Notice that there is nothing in the Sanders platform that calls for “nationalization” of the means of production, nor does he propose to do away with the price system. In other words, Sanders’s vision of socialism is not what Mao or Trotsky or Lenin proposed, yet there is not one thing in the entire platform that would reverse the dangerous economic trends of the past decade.

Instead, Sanders proposes to direct huge amounts of resources in the direction of constructing something akin to a European welfare state. To put it another way, Sanders wishes to “turn back the clock” to create or promote social and economic structures that already have been undermined by the modern “sharing” economy.

If one reads Sanders’s platform from another perspective, it would be the New Deal. Indeed, there is nothing Sanders has written or said from the stump that would not be reminiscent of a New Deal rally (with the possible exception in appealing to black Americans, which was not part of the Democratic Party agenda in the 1930s, as well as Sanders’s appeal to furthering the Sexual Revolution). Bernie Sanders pushes an economic agenda that is frozen in time.

The problem, economically speaking, is that Bernie Sanders proposes nothing that actually would enable entrepreneurs to help bring about a true economic recovery. In Sanders’s world, entrepreneurs are parasites and employers are oppressors who seek to harm their employees, and wealth is defined by how much governments have in their treasuries.

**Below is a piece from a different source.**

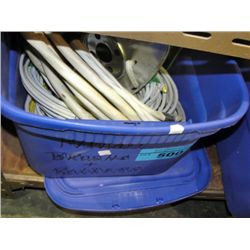 One blue rubbermaid container of electrical wirin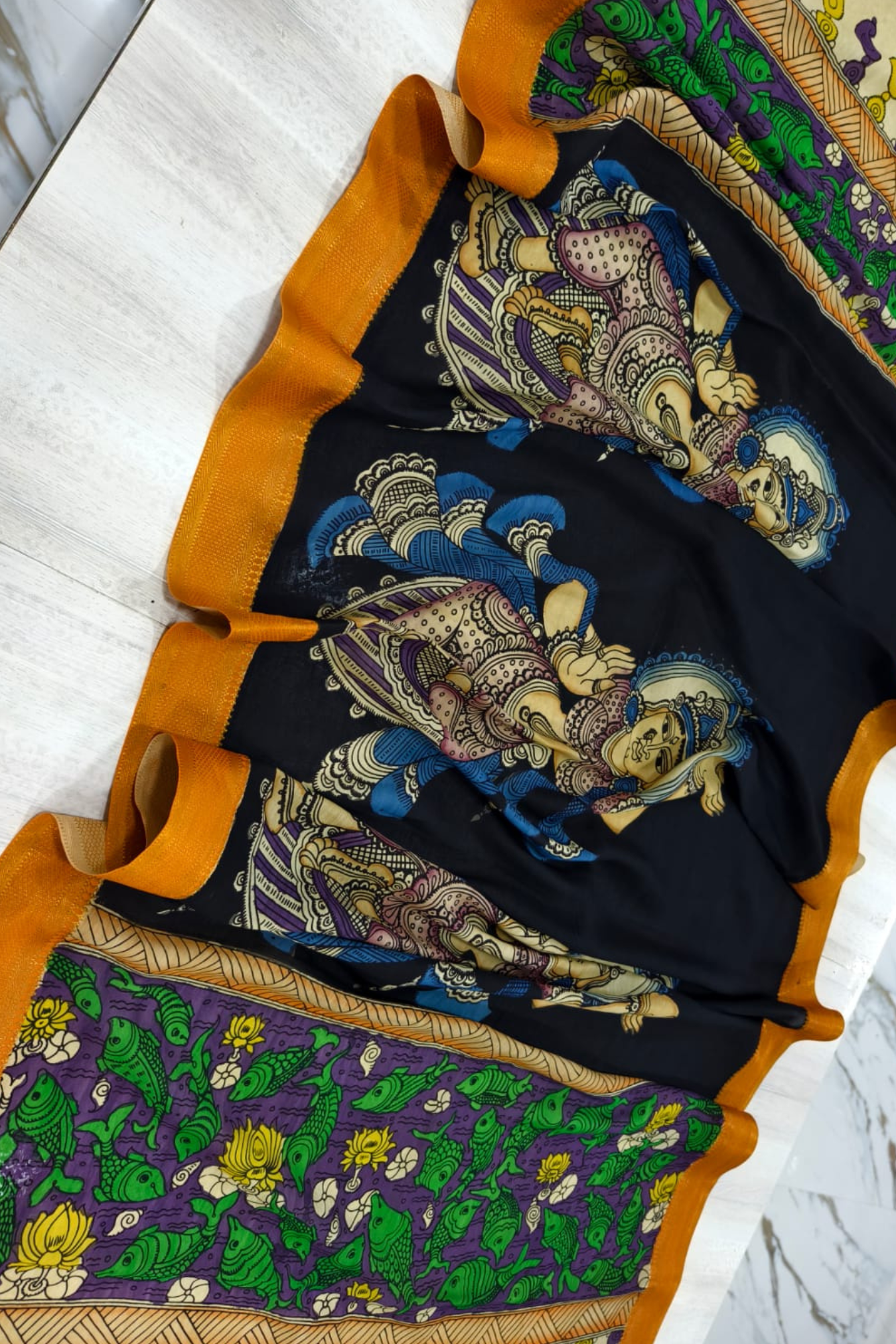 True Black Design Bangalore Silk Story Pen Kalamkari Dupatta -042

If I could put the economics of Bernie Sanders into a nutshell, it would be this: Burden private enterprise with one directive after another, and then demonize it when it ultimately falls down under the awful weight of taxes, higher costs, and mandates. While many people believe that instituting the Sanders economic agenda would help turn the USA into another Sweden or Denmark, the more likely outcome would be turning this country into another Venezuela.